Do you see what I did with the title? Do you see it!? I think I have become a god.
I found this story via Destructoid: a couple of UK game shops are threatening to stop selling PC games that support Steam because it's counterintuitive to their own forthcoming download services. Because this isn't a news blog, I'll leave the synopsis at that and get straight to admiring my own words.
I'm actually not a fan of Steam, or even Valve for that matter. Digital Rights Management is just a fancy way of saying “Good luck playing your games in ten years when support for the authentication service is discontinued”; and Valve has been so goddamn keen on itself ever since the success of the original Half-Life, I'm sure that Gabe Newell genuinely believes himself to be some sort of prophet. He's here to spread word of the third coming of the messiah, Gordon Freeman—which, if Christianity is anything to go by, is never going to happen.
But “brick and mortar” retailers have good reason to feel threatened. Assuming people continue to ignore the looming issues of net neutrality and bandwidth caps, digital distribution is going to completely replace physical media within the next couple of videogame generations. It doesn't matter if you want it to or not: it's cheaper and gives publishers unprecedented control over their media and its profits.
So, if retail companies like GameStop want to stay relevant, they need to get in on the racket Valve has going with Steam. But with Steam already offering a highly desirable means of digital distribution, these companies may have to actually *gasp* innovate *shock* if they want to compete, rather than phone it in and complain when things don't go their way, which is the way they have traditionally handled things.
Clearly I'm torn.
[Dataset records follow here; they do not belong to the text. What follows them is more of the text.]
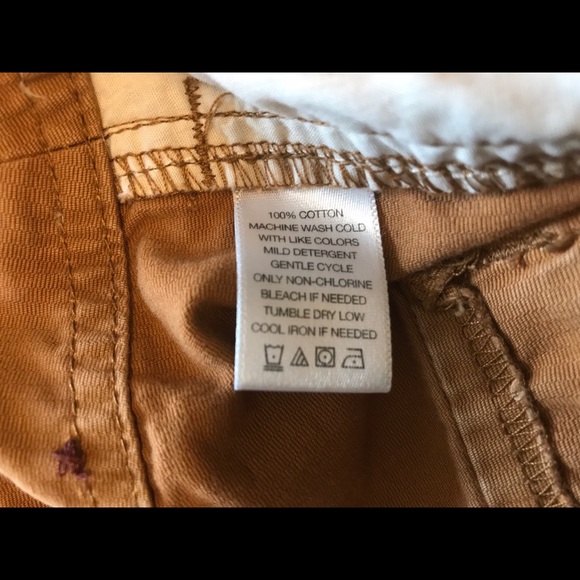 Men’s EMS Cargo Shorts - Picture 13 of 13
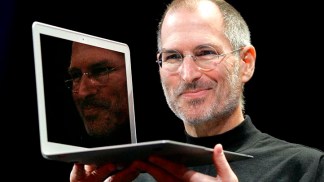 In Memoriam: Steve Jobs 1955-2011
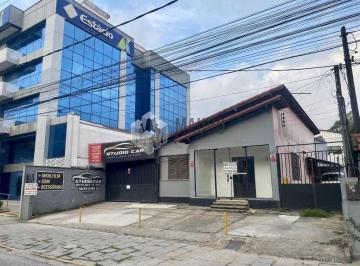 Foto 01 · Galpão No Centro de Teresópolis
I dislike Valve and Steam, but I also can't stand companies that refuse to think creatively in order to stay in business. The RIAA is the perfect example: when music became digital they had no idea how to market it anymore. Instead of evaluating their own business models to figure out what needed to change, they automatically blamed consumers and began tossing around lawsuits. Meanwhile, iTunes quietly snuck in and began commanding the new market.
The same thing is happening here. Video game publishers and retailers have been complaining about piracy for decades, and Valve has recently created a clever solution that publishers have been quick to adopt. But traditional retailers are acting like unathletic kids in gym class who are always picked last because they're bad at dodgeball. Rather than take the initiative to practice and get in shape, they've chosen to complain to their moms and threaten to not invite the publishers to any more birthday parties. Is that a good analogy? I think it's a good analogy.
I begrudgingly have to side with Valve on this one, but it doesn't matter to me anyway because I haven't bought a new PC game since Enemy Territory: Quake Wars. I can wait ten years to play Modern Warfare 2, when it'll be available on GOG for $9.99.